Szły wciąż bez celu, trafiły na jakąś oznakowaną trasę, mijały ludzi. Do wieczora było sporo czasu. Nie poszły na obiad. Pochłonęła je rozmowa.
Anka poczuła, że powoli jej problemy schodzą na drugi plan, a wyjazd do spa przelał czarę goryczy. Coś zaczęło pękać, rodzina się sypie…
- Mamo, może to przeze mnie? – Przez ten mój wypad ? – Gdyby nie to, nie byłoby waszych kłótni, wyjazdów…
-Nie, dziecko, nie obwiniaj się. Ty winna? Może nam pomogłaś zobaczyć, że udawaliśmy kogoś innego, że graliśmy przed sobą. Oszukiwaliśmy się. I dalej pewnie by to trwało.
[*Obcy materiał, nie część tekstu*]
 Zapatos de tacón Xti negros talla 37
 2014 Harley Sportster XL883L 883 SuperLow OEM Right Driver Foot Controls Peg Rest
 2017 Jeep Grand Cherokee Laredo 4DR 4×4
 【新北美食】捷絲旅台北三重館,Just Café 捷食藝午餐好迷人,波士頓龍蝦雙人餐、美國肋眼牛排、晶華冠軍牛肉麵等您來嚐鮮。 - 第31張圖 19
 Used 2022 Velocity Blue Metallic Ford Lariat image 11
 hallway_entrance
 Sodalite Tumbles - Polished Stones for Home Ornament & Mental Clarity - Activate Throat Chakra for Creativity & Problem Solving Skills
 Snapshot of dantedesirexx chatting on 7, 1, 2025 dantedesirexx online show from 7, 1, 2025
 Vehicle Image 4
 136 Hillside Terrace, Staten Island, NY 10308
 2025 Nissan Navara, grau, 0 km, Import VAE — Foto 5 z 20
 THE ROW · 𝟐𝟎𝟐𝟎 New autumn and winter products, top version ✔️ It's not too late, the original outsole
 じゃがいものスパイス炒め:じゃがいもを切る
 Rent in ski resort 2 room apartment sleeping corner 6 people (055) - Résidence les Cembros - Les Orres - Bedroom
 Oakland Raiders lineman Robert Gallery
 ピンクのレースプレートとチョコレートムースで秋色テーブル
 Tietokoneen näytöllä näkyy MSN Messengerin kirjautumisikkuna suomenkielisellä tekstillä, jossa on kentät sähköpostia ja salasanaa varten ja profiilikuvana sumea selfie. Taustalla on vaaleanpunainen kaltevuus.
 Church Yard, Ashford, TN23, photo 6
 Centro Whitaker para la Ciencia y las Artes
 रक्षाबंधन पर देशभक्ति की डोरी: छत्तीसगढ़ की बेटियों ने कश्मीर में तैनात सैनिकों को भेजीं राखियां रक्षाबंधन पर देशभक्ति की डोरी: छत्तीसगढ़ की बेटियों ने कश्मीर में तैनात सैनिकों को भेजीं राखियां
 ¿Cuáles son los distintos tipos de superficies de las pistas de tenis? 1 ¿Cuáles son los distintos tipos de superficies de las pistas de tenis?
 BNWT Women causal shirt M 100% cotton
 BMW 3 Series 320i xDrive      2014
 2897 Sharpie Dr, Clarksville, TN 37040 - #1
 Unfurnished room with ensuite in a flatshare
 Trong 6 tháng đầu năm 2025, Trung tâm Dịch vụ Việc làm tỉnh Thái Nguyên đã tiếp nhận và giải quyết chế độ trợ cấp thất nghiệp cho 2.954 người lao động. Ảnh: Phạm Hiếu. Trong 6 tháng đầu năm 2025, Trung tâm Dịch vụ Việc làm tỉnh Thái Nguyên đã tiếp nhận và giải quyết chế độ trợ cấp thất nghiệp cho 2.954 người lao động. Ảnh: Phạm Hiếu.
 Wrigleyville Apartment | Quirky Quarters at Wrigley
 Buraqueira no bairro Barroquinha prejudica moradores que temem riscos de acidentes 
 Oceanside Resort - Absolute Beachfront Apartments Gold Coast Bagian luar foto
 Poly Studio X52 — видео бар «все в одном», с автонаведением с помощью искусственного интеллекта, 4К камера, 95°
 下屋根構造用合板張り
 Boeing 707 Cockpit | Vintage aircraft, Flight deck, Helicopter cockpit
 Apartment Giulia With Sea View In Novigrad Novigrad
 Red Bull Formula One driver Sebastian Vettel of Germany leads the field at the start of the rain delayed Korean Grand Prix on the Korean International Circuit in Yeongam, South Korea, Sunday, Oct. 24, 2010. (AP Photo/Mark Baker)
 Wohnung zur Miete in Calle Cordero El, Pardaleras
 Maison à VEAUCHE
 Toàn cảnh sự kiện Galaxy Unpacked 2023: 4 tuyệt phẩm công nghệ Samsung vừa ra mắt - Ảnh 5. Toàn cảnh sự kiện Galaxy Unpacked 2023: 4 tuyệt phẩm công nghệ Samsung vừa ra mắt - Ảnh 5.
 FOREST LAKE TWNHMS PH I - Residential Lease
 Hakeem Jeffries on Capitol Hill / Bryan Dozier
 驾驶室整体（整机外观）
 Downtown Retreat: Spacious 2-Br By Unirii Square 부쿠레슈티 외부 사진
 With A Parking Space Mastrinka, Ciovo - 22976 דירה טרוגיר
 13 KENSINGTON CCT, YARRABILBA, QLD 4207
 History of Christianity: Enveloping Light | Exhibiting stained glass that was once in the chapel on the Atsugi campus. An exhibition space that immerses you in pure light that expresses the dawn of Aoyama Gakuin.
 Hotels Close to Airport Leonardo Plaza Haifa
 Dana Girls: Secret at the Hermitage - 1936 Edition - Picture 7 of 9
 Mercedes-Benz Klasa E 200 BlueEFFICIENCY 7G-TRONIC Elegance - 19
Dobrze, że tu jesteś, nie dałaś sobie wycinać tego żołądka. Powinnaś pójść jeszcze do dobrego terapeuty. Tu czujesz się dobrze. Widzę to i jestem wdzięczna Bogu, losowi i jak tam zwał- wszelkim mocom, że zdecydowałaś się na to.
- No, ale wygląda, że terapia powinna objąć całą naszą rodzinę- orzekła Anka.
- Może i tak, może trzeba siąść na jakiejś wspólnej sesji i pogadać. Ale wybacz, ja jeszcze się do tego nie nadaję. Od przyjazdu rozmawiałam dwa razy z ojcem, najpierw poinformowałam, że dojechałam, a potem on dzwonił, zresztą chwilę gadałaś i ty.
Zaterkotał telefon, Alina dopytywała się, kiedy wrócą. Czeka z kolacją.